Start of Material for this task

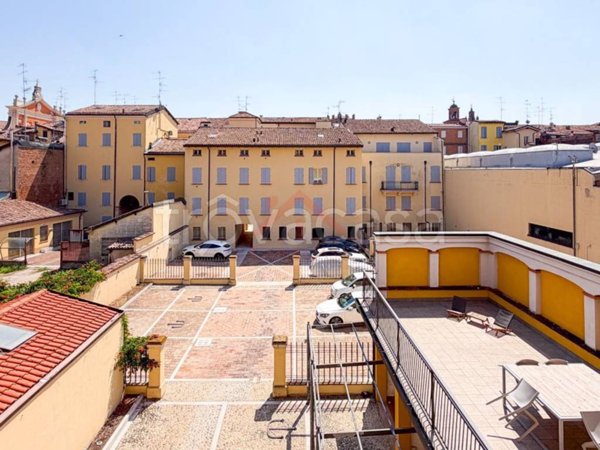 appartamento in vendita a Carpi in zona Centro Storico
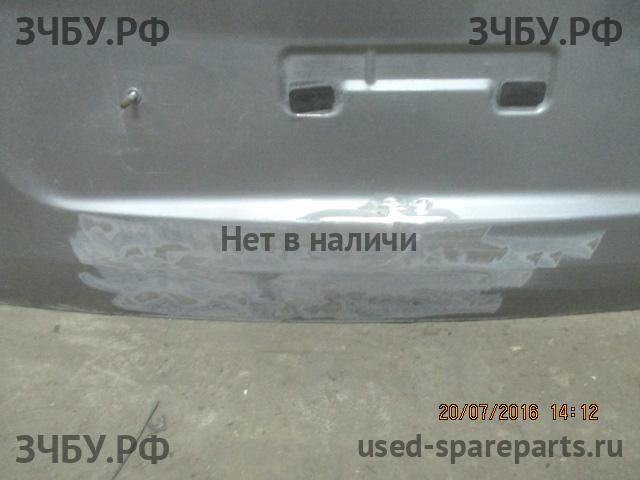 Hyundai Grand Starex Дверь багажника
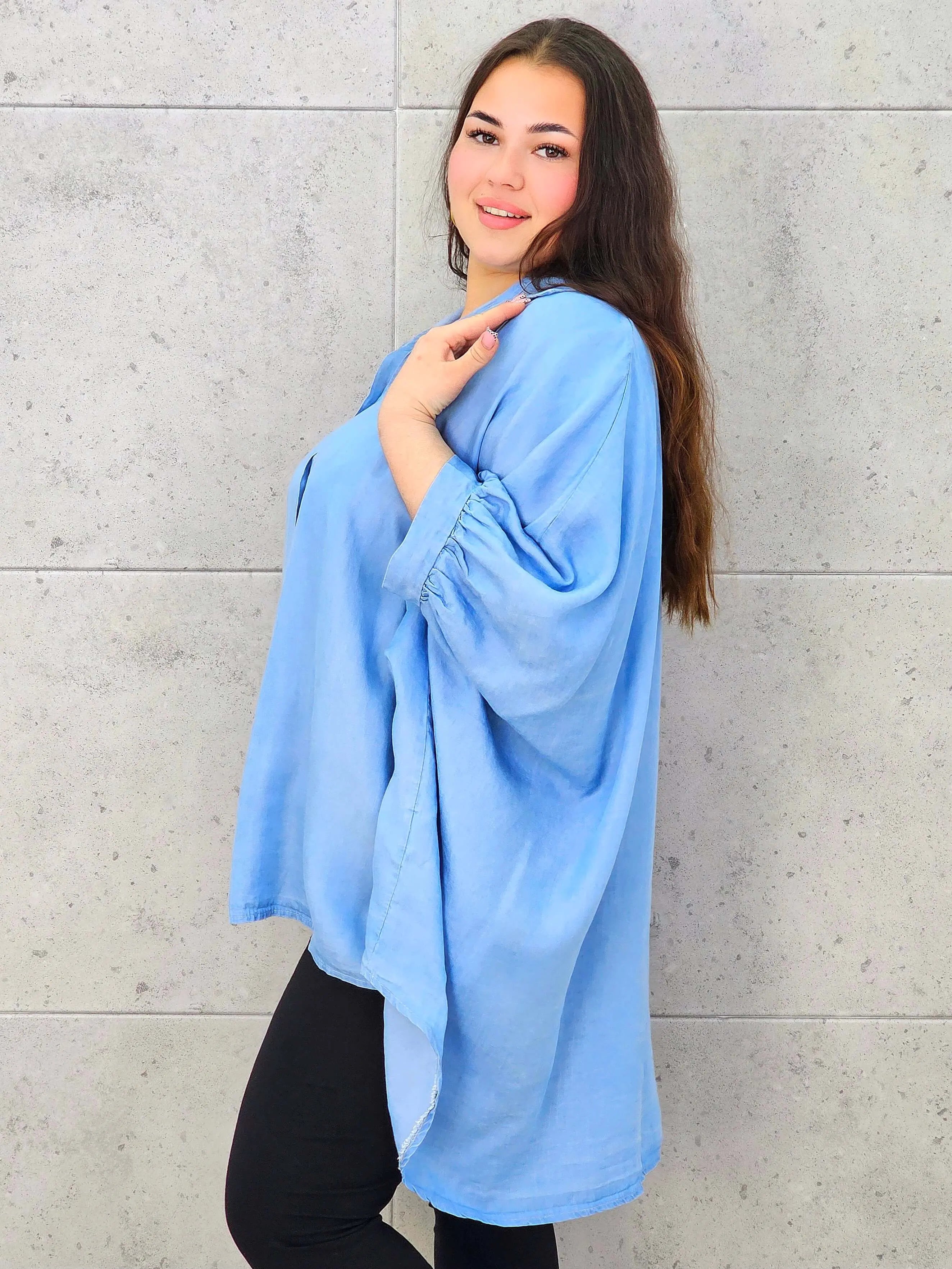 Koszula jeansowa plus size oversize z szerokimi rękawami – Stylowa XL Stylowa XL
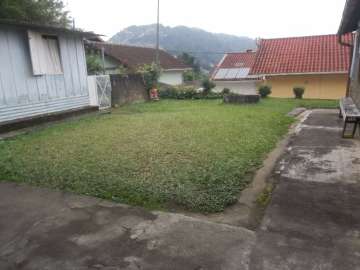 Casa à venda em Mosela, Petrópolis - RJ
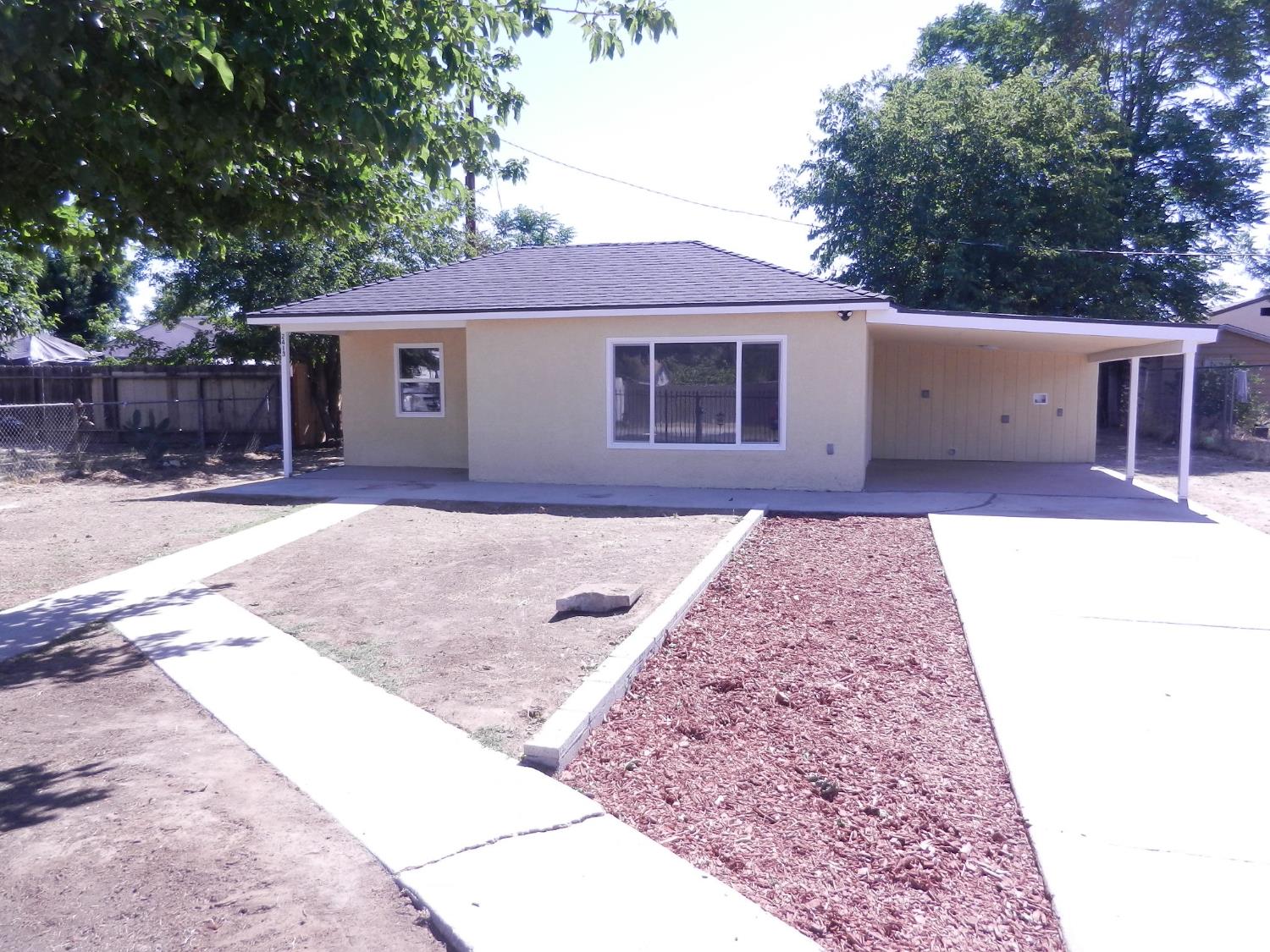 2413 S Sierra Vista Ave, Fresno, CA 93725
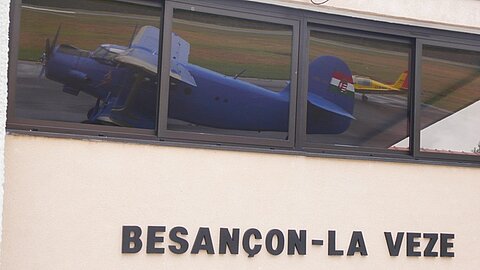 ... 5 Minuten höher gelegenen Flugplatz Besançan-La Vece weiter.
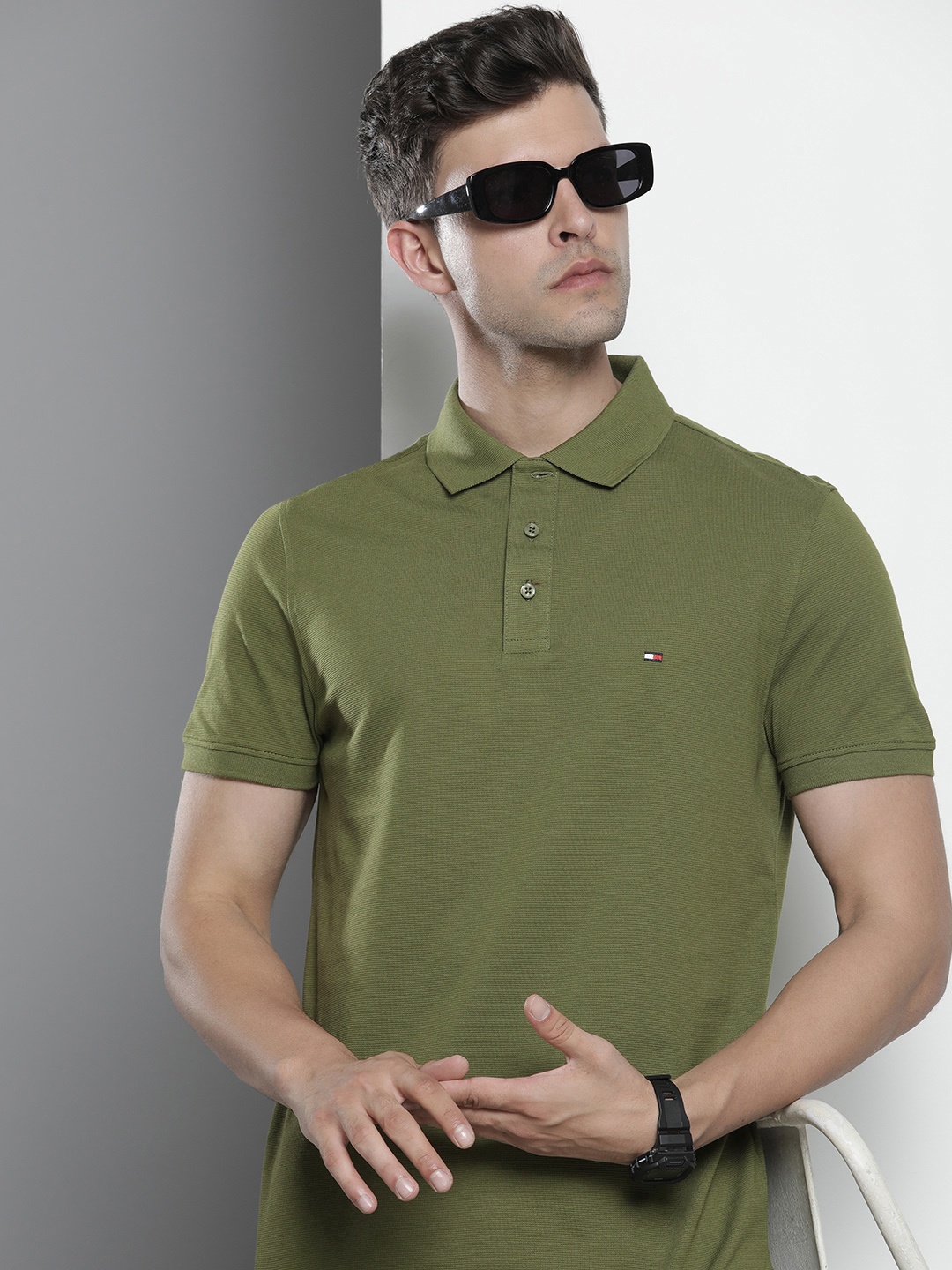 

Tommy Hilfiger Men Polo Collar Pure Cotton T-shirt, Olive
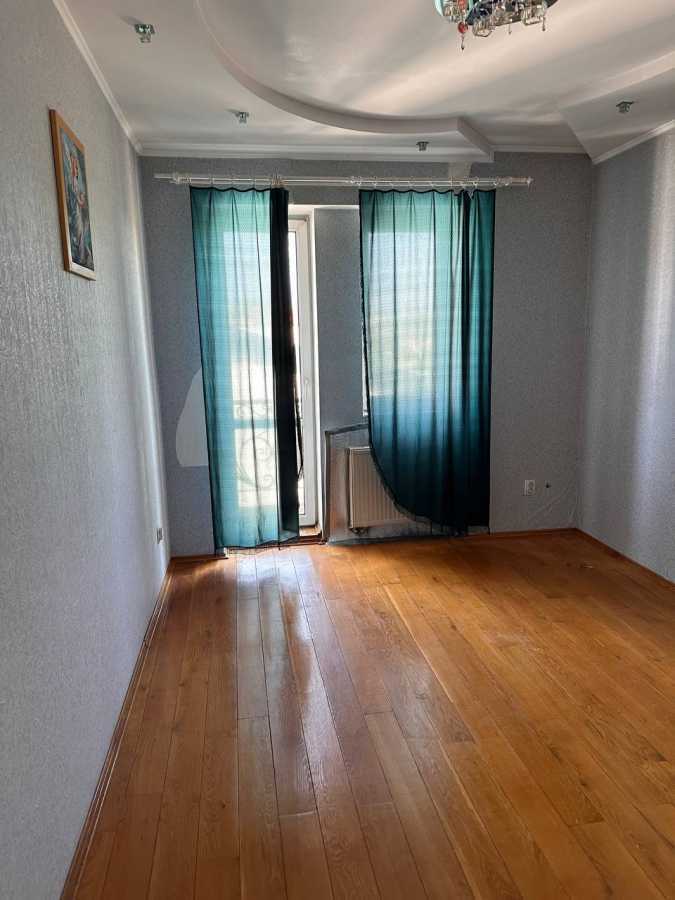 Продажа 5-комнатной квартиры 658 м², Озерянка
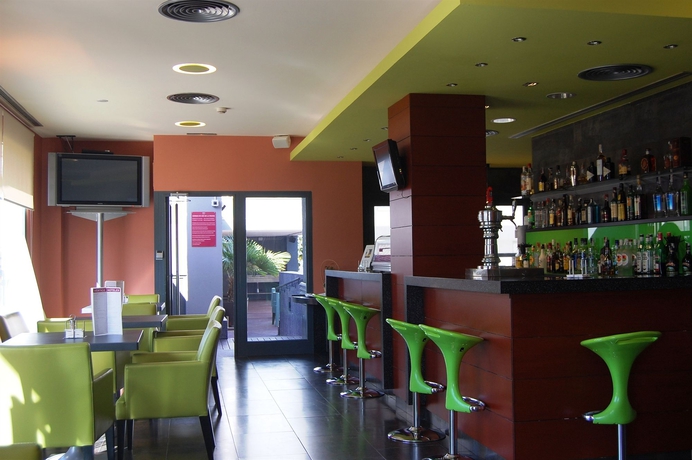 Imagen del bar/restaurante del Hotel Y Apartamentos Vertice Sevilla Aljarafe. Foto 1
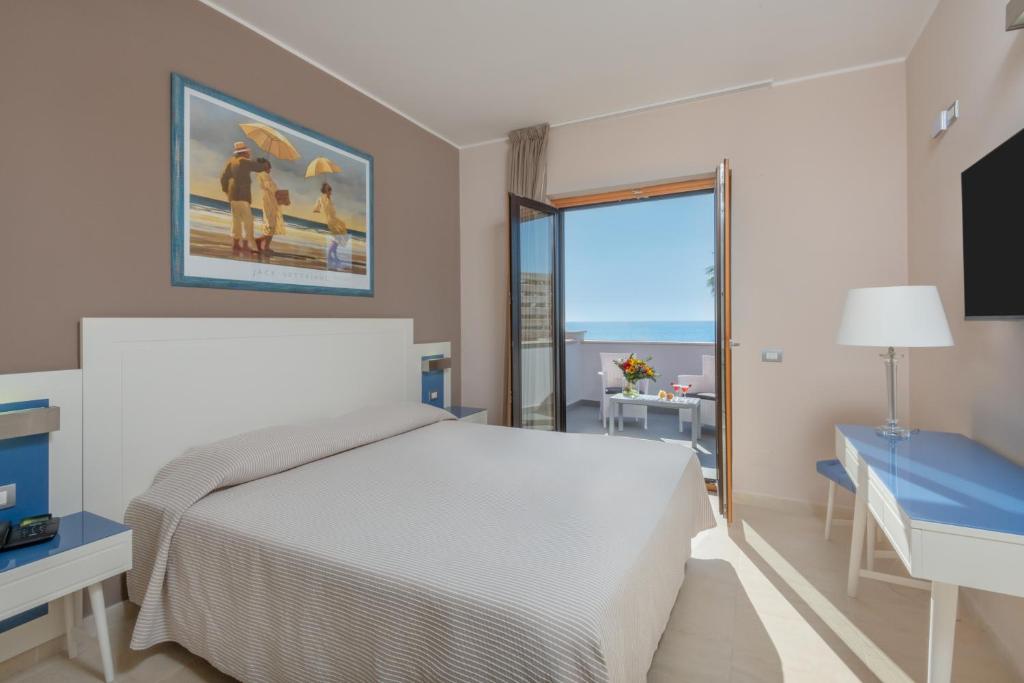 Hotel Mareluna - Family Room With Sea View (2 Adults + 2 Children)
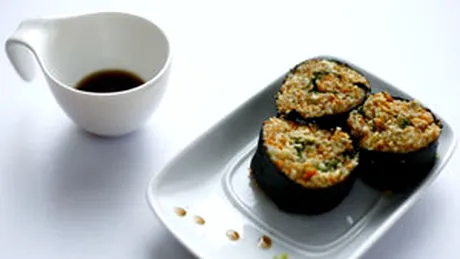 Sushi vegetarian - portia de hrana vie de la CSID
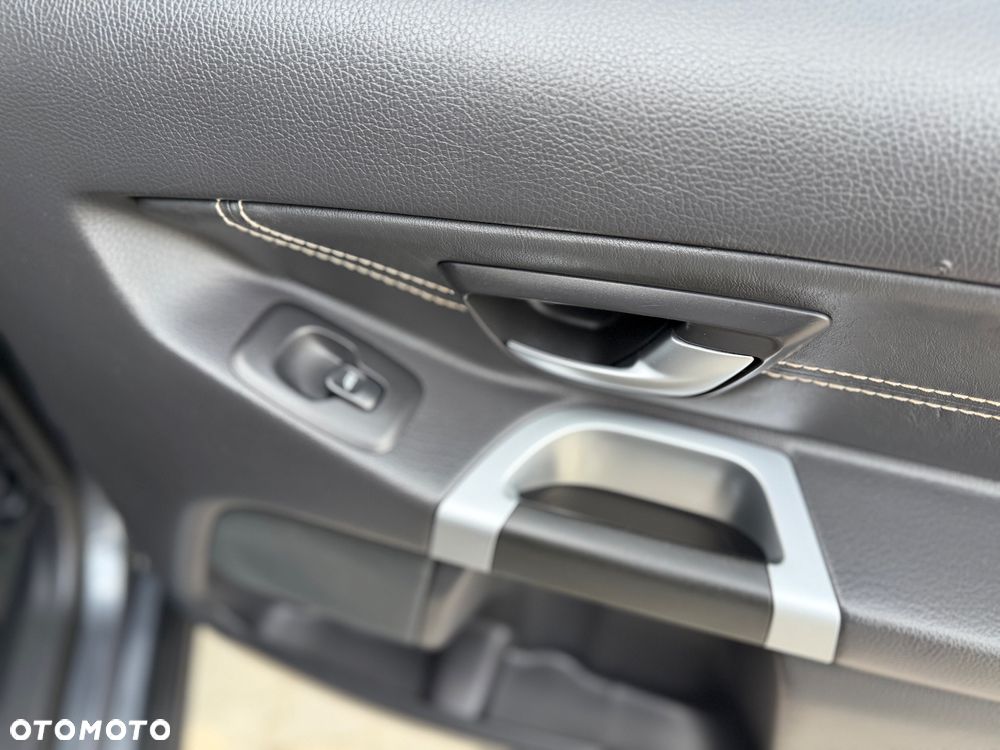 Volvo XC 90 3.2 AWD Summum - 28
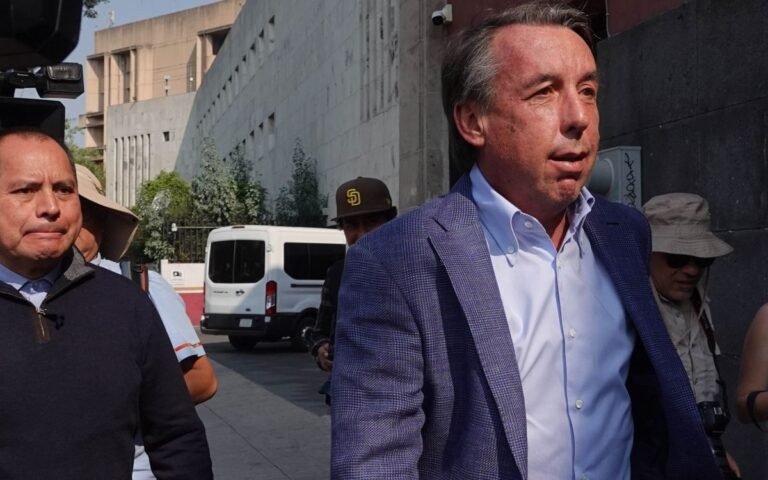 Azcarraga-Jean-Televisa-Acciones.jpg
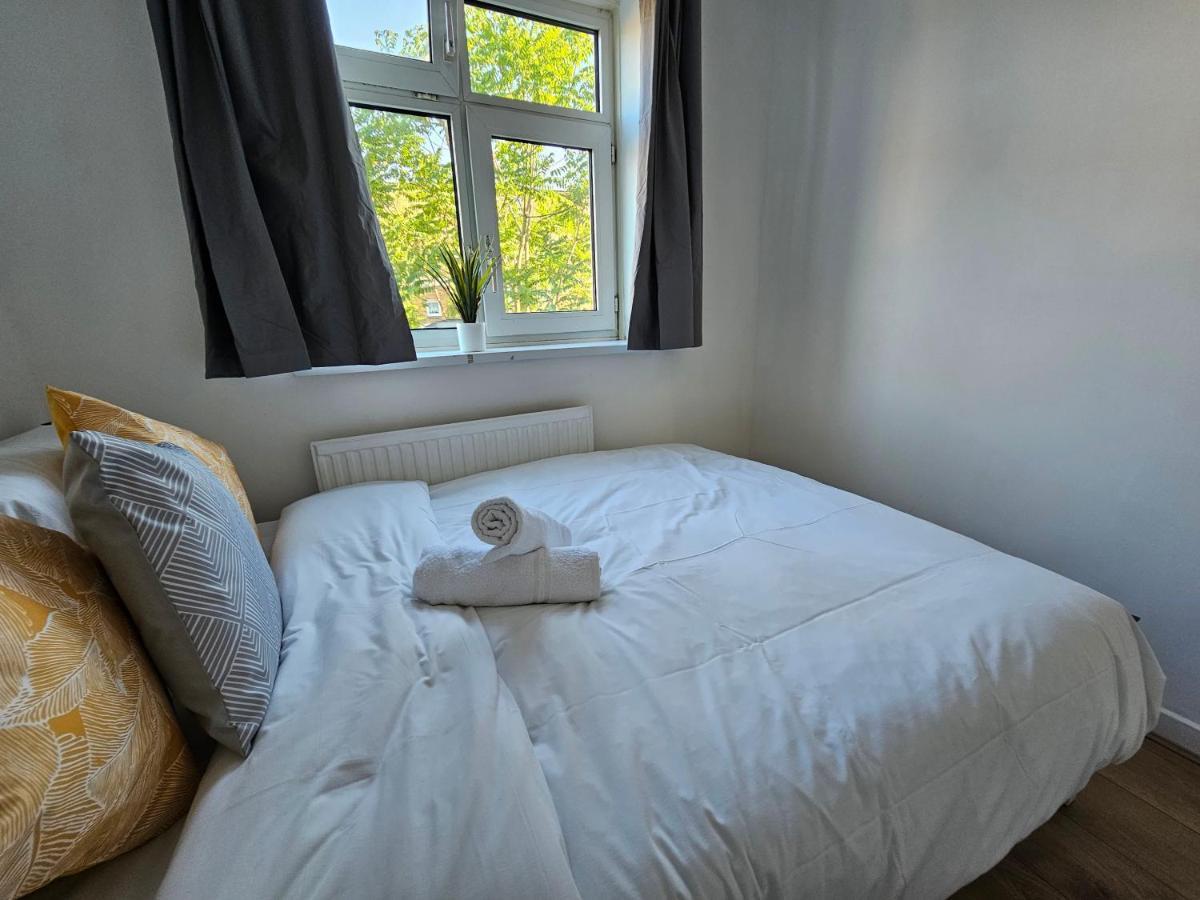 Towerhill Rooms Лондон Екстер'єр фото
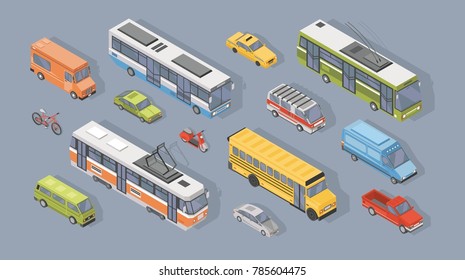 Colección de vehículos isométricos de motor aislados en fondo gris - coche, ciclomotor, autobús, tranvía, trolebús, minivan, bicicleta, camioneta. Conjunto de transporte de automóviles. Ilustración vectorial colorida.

End of Material for this task

-- The problem --
Please restate the entries word for word. Skip the pictures.

-- Solved problem --
 appartamento in vendita a Carpi in zona Centro Storico
 Hyundai Grand Starex Дверь багажника
 Koszula jeansowa plus size oversize z szerokimi rękawami – Stylowa XL Stylowa XL
 Casa à venda em Mosela, Petrópolis - RJ
 2413 S Sierra Vista Ave, Fresno, CA 93725
 ... 5 Minuten höher gelegenen Flugplatz Besançan-La Vece weiter.

Tommy Hilfiger Men Polo Collar Pure Cotton T-shirt, Olive
 Продажа 5-комнатной квартиры 658 м², Озерянка
 Imagen del bar/restaurante del Hotel Y Apartamentos Vertice Sevilla Aljarafe. Foto 1
 Hotel Mareluna - Family Room With Sea View (2 Adults + 2 Children)
 Sushi vegetarian - portia de hrana vie de la CSID
 Volvo XC 90 3.2 AWD Summum - 28
 Azcarraga-Jean-Televisa-Acciones.jpg
 Towerhill Rooms Лондон Екстер'єр фото
 Colección de vehículos isométricos de motor aislados en fondo gris - coche, ciclomotor, autobús, tranvía, trolebús, minivan, bicicleta, camioneta. Conjunto de transporte de automóviles. Ilustración vectorial colorida.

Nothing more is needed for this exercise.